Quanto à superlotação das celas destinadas à população LGBTQIA+, os/as Defensores/as apontam que “em regra, independentemente do local destinado à população LGBTQIA+, as celas são superlotadas, e, por vezes, mais lotadas se comparadas com as demais celas do estabelecimento prisional”. No Centro de Detenção Provisória de São Vicente, havia uma única cela destinada à população LGBTQIA+. O local tinha capacidade para 3 pessoas, mas abrigava 9, ou seja, 300% de superlotação.
Assinam o memorial a Defensora Pública Isadora Brandão Araujo da Silva e o Defensor Vinicius Conceição Silva Silva, ambos do Nuddir, e Mateus Oliveira Moro, Gabriele Estabile Bezerra, Leonardo Biagioni de Lima e Thiago de Luna Cury, do Nesc.

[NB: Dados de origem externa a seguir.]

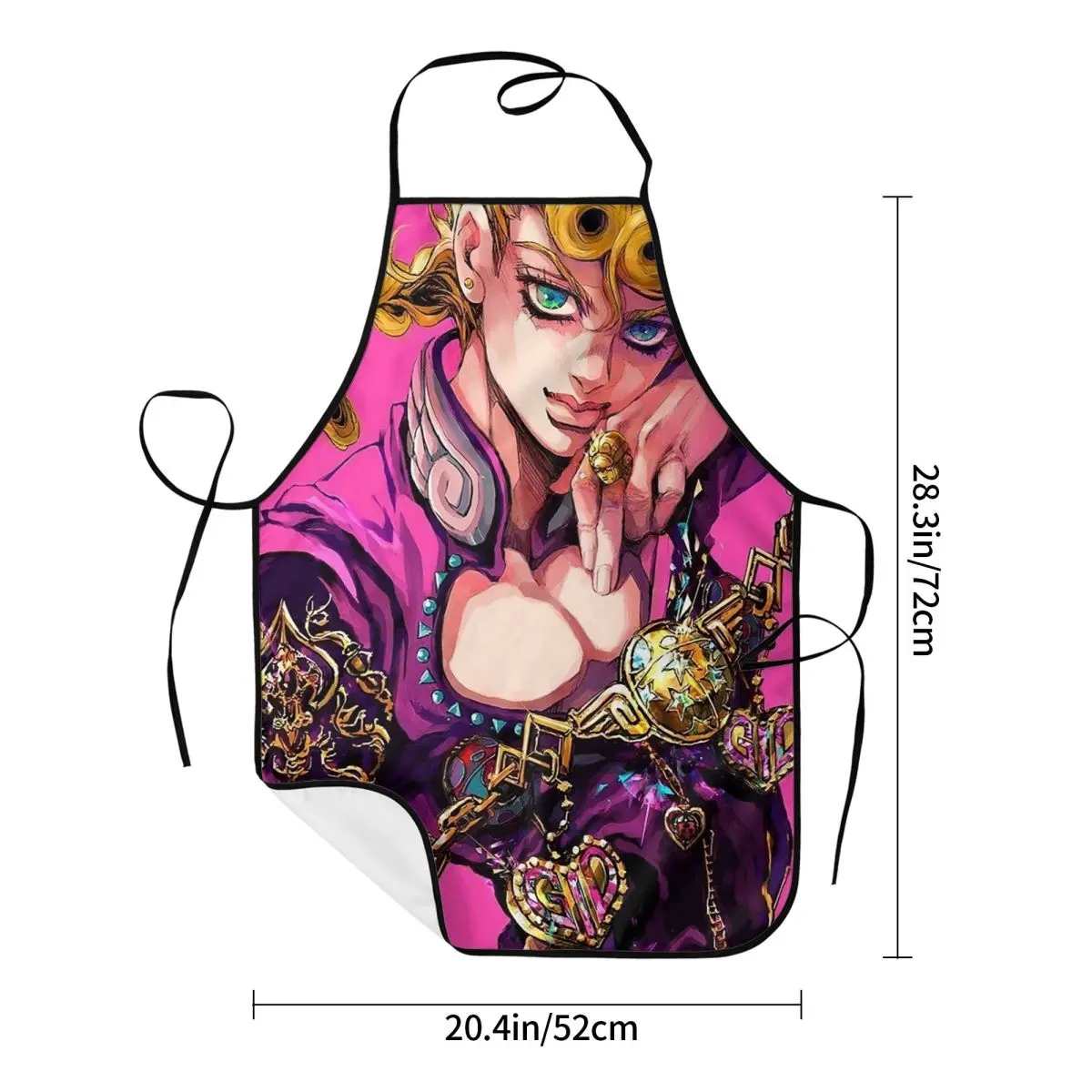 Jojo Bizarre Adventure Joseph Joestar Anime Apron Chef Cooking Tablier Bib Kitchen Cleaning Pinafore for Women Men Painting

Assim, a Defensoria requereu ao STF a procedência da ação, aplicando-se interpretação conforme à Constituição para garantir que as custodiadas travestis e transexuais do gênero feminino tenham a possibilidade de consulta e escolha do local de privação de liberdade e de sua alteração, compatível com a sua identidade de gênero, podendo ser alocadas em estabelecimentos masculinos ou femininos, inclusive com informações sobre alas e espaços reservados especificamente à população LGBTQIA+. Solicita também que seja garantido a essas pessoas as condições adequadas para exercer sua identidade de gênero, especialmente com respeito ao nome social, o uso de uniformes e corte de cabelo de acordo com a identidade de gênero e a realização do tratamento hormonal necessário.
Em nome do Grupo de Atuação Estratégica da Defensoria Pública nos Tribunais Superiores (Gaets), o Defensor Público Rafael Ramia Munerati, do Núcleo Especializado de Segunda Instância e Tribunais Superiores da Defensoria paulista fez a sustentação oral.

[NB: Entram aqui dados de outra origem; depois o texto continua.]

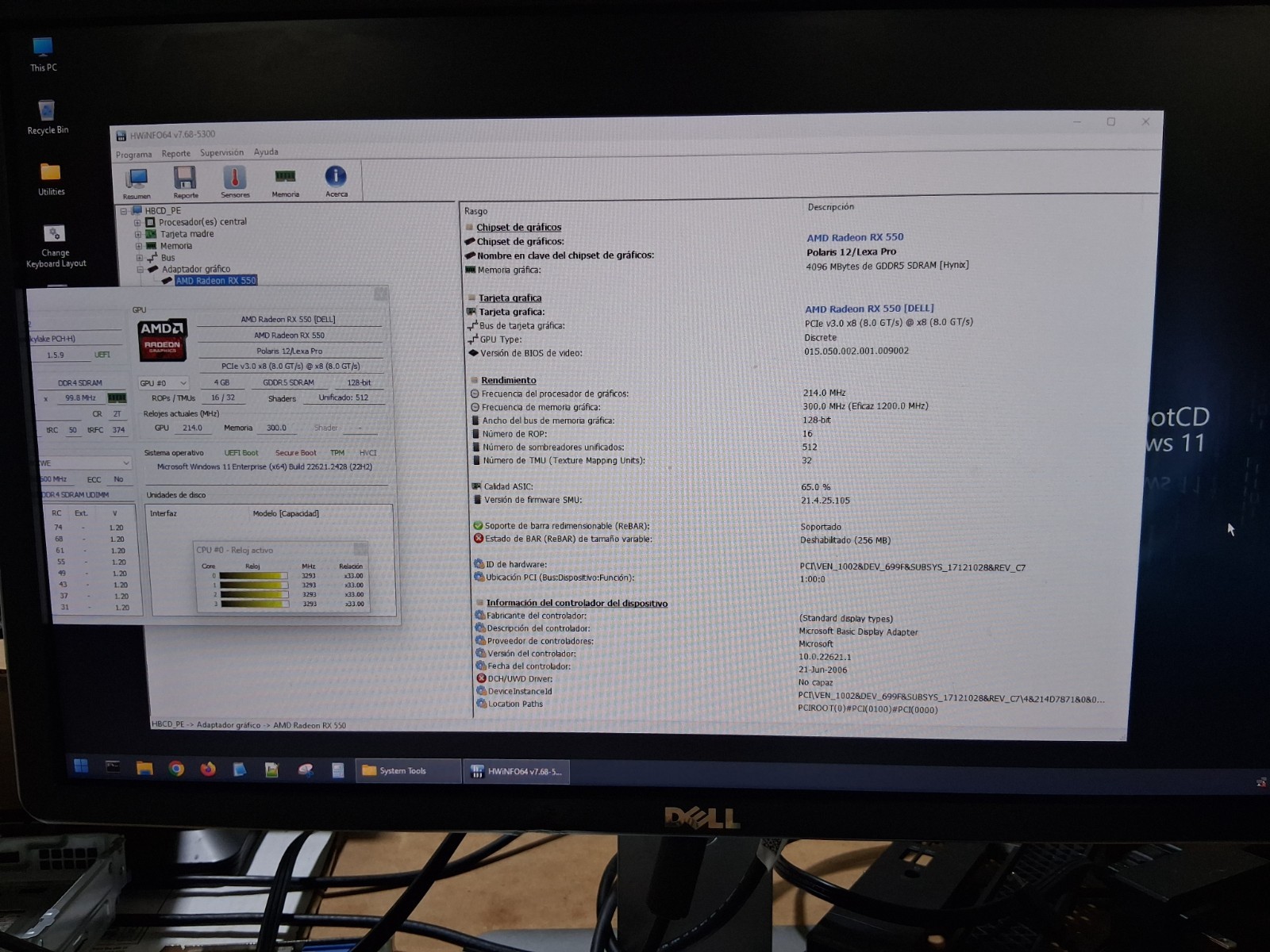 Dell AMD Radeon RX 550 4GB GDDR5 Full Height Graphics Card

O julgamento da ADPF, proposta pela Associação Brasileira de Lésbicas, Gays, Bissexuais, Travestis e Transexuais (ABGLT), deve entrar na pauta do STF na próxima semana, em plenário virtual. Em março deste ano, o Relator, Ministro Luis Roberto Barroso deferiu parcialmente a medida cautelar para garantir exclusivamente o direito de mulheres transexuais cumpram pena em presídio feminino. Posteriormente, houve nova decisão estendendo os efeitos da cautelar às travestis, para que indiquem sua opção de cumprir pena em estabelecimento prisional feminino, ou de se manter em ala especial em estabelecimento prisional masculino.